─── Given data
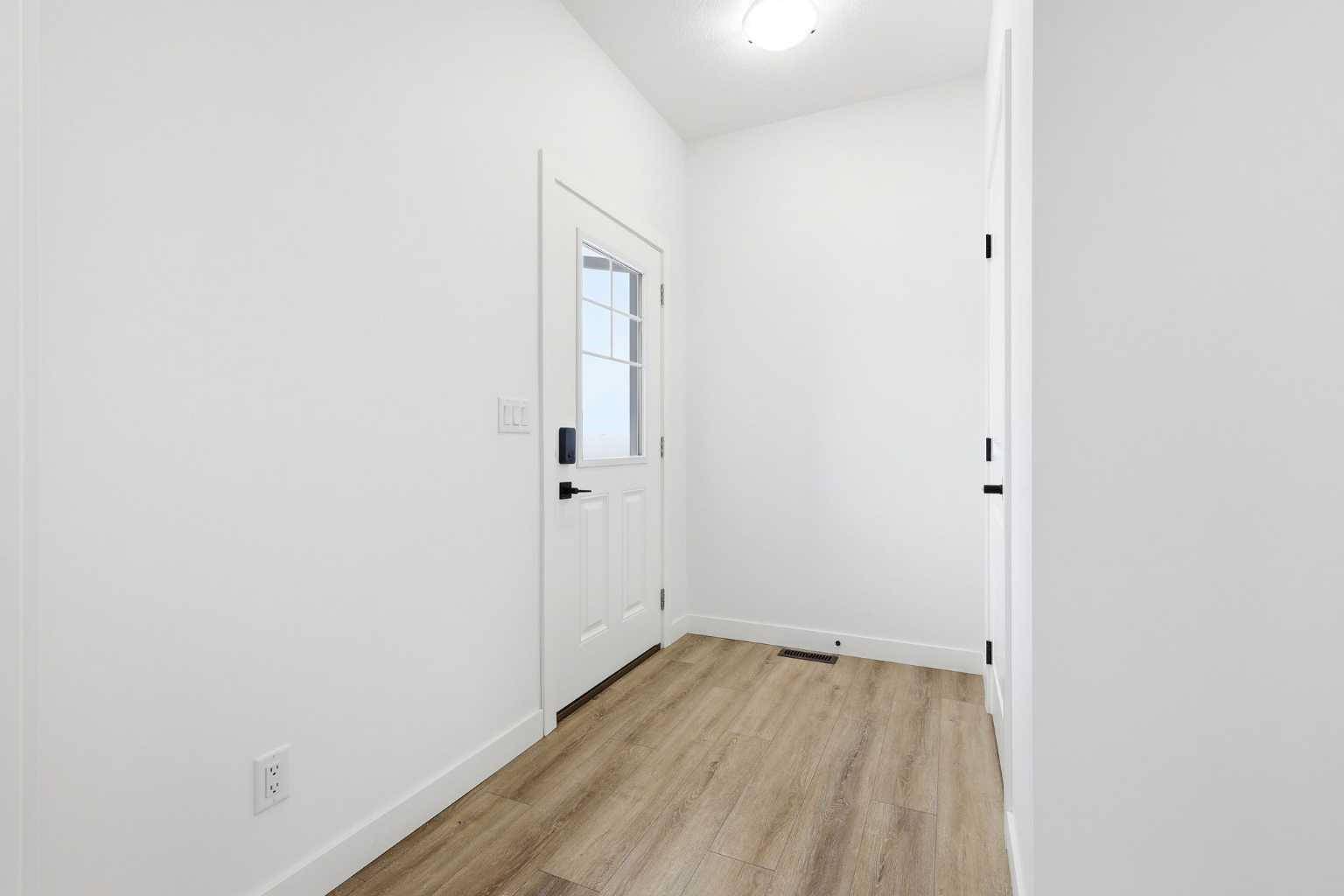 Calgary, AB T3P1W5,64 Ambleton ST NW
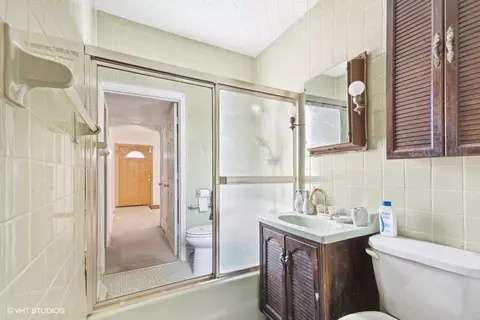 Bath - 553 Taney Pl, Gary, IN 46404 photo 2 of 2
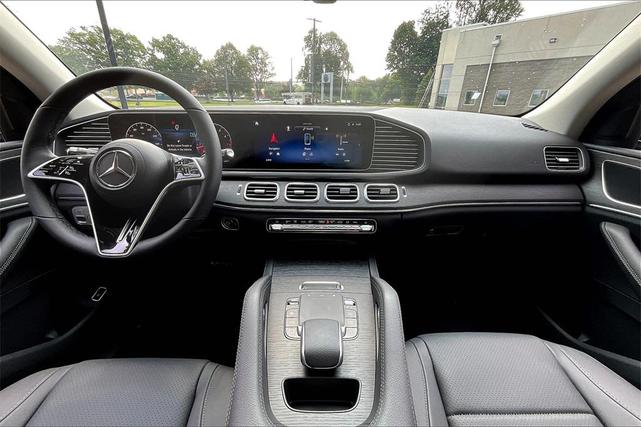 Photo of 2026 Black Mercedes-Benz GLE 350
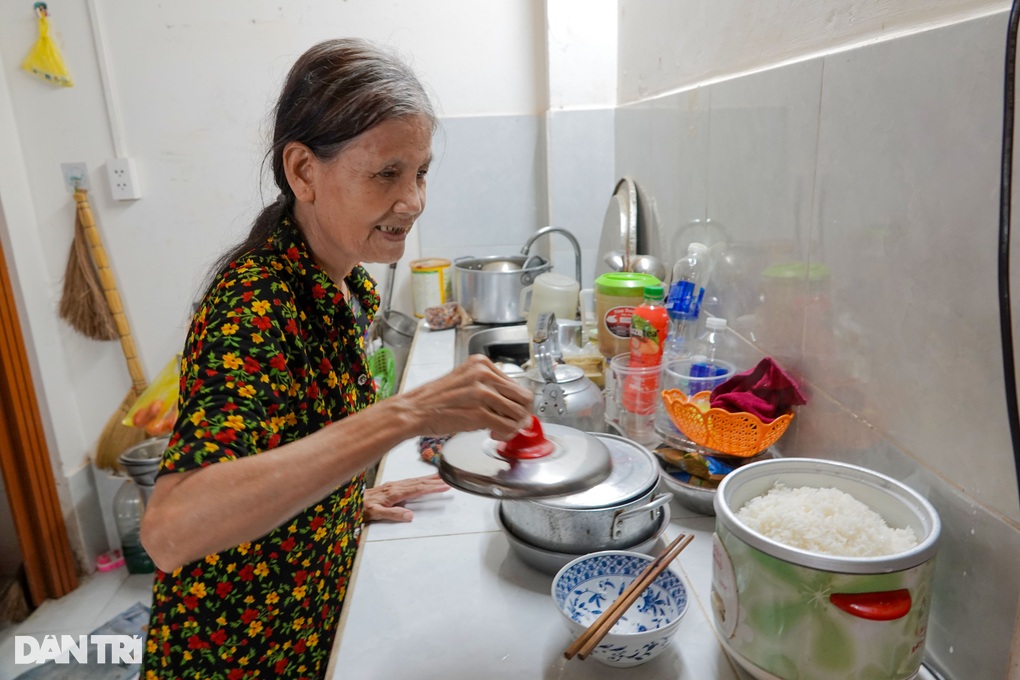 Cụ bà 90 từng có 3 căn nhà nay phải đi ở trọ, bán vé số kiếm 50.000 đồng - 4 Cụ bà 90 từng có 3 căn nhà nay phải đi ở trọ, bán vé số kiếm 50.000 đồng - 4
──────
■ Exercise description ■
The output has to match the data above line for line, except that pictures are dropped.

■ Output of the exercise ■
 Calgary, AB T3P1W5,64 Ambleton ST NW
 Bath - 553 Taney Pl, Gary, IN 46404 photo 2 of 2
 Photo of 2026 Black Mercedes-Benz GLE 350
 Cụ bà 90 từng có 3 căn nhà nay phải đi ở trọ, bán vé số kiếm 50.000 đồng - 4 Cụ bà 90 từng có 3 căn nhà nay phải đi ở trọ, bán vé số kiếm 50.000 đồng - 4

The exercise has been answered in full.